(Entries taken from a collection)
···
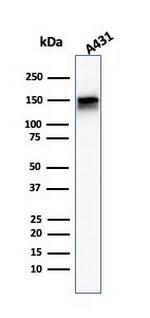 EGFR (Epidermal Growth Factor Receptor) Antibody in Western Blot (WB)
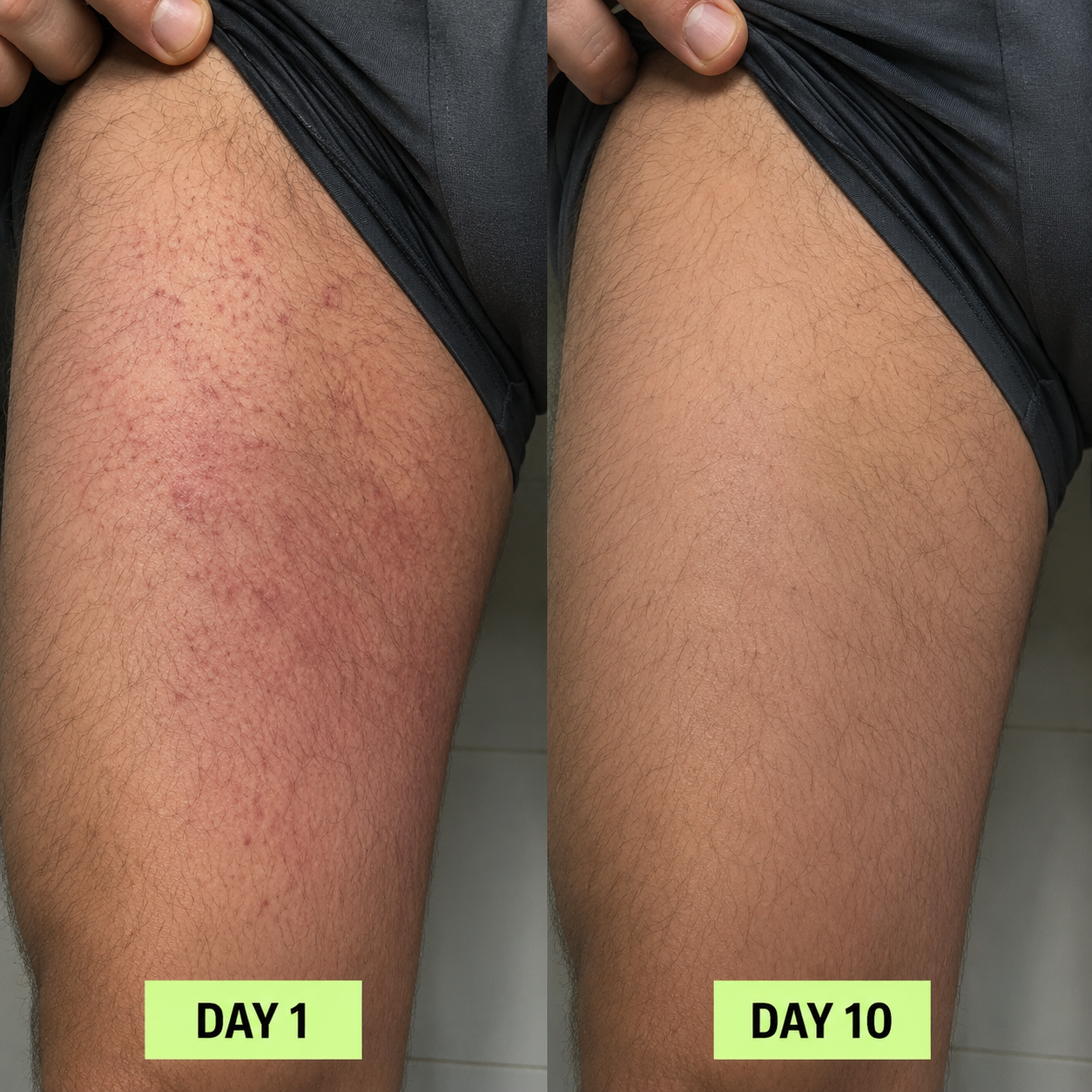 MONA ANTIFUNGAL SOAP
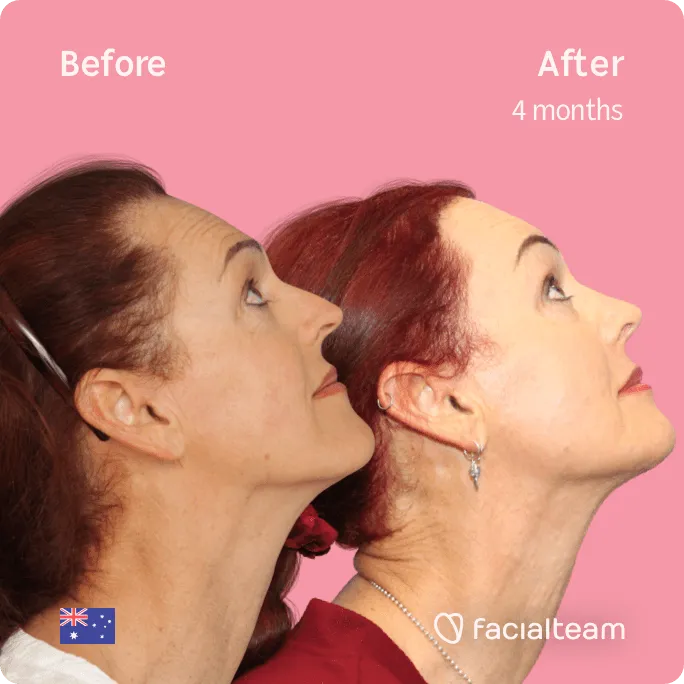 Square Side up image of FFS patient Pippa showing the results before and after facial feminization surgery with Facialteam consisting of jaw and chin, forehead, rhinoplasty feminization surgery.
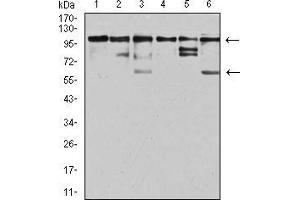 Western Blotting (WB) image for anti-ZFP91 Zinc Finger Protein (ZFP91) (AA 162-304) antibody (ABIN5542699)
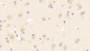 DAB staining on IHC-P; Samples: Human Cerebrum Tissue;  Primary Ab: 20μg/ml Rabbit Anti-Human ASM Antibody Second Ab: 2µg/mL HRP-Linked Caprine Anti-Rabbit IgG Polyclonal Antibody 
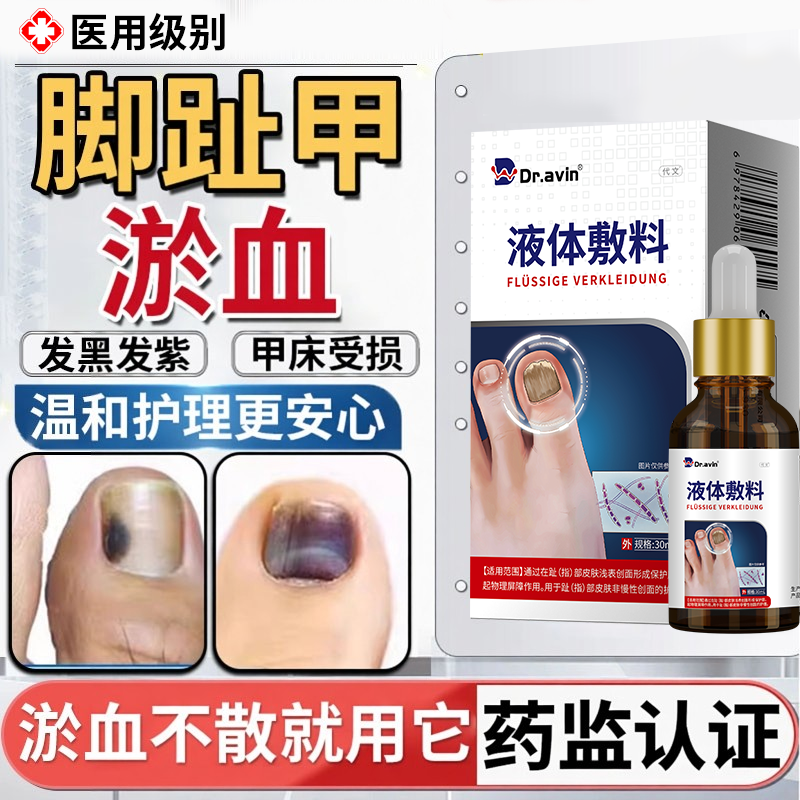 脚趾甲被砸指甲被夹压受损瘀血发黑甲床受伤甲下淤血发紫生长液HT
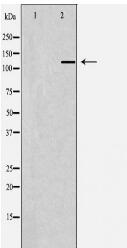 ZEB1 Antibody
···
Requirement: One exact copy of the data, no pictures: write it out line for line.

Output of the exercise:
 EGFR (Epidermal Growth Factor Receptor) Antibody in Western Blot (WB)
 MONA ANTIFUNGAL SOAP
 Square Side up image of FFS patient Pippa showing the results before and after facial feminization surgery with Facialteam consisting of jaw and chin, forehead, rhinoplasty feminization surgery.
 Western Blotting (WB) image for anti-ZFP91 Zinc Finger Protein (ZFP91) (AA 162-304) antibody (ABIN5542699)
 DAB staining on IHC-P; Samples: Human Cerebrum Tissue;  Primary Ab: 20μg/ml Rabbit Anti-Human ASM Antibody Second Ab: 2µg/mL HRP-Linked Caprine Anti-Rabbit IgG Polyclonal Antibody 
 脚趾甲被砸指甲被夹压受损瘀血发黑甲床受伤甲下淤血发紫生长液HT
 ZEB1 Antibody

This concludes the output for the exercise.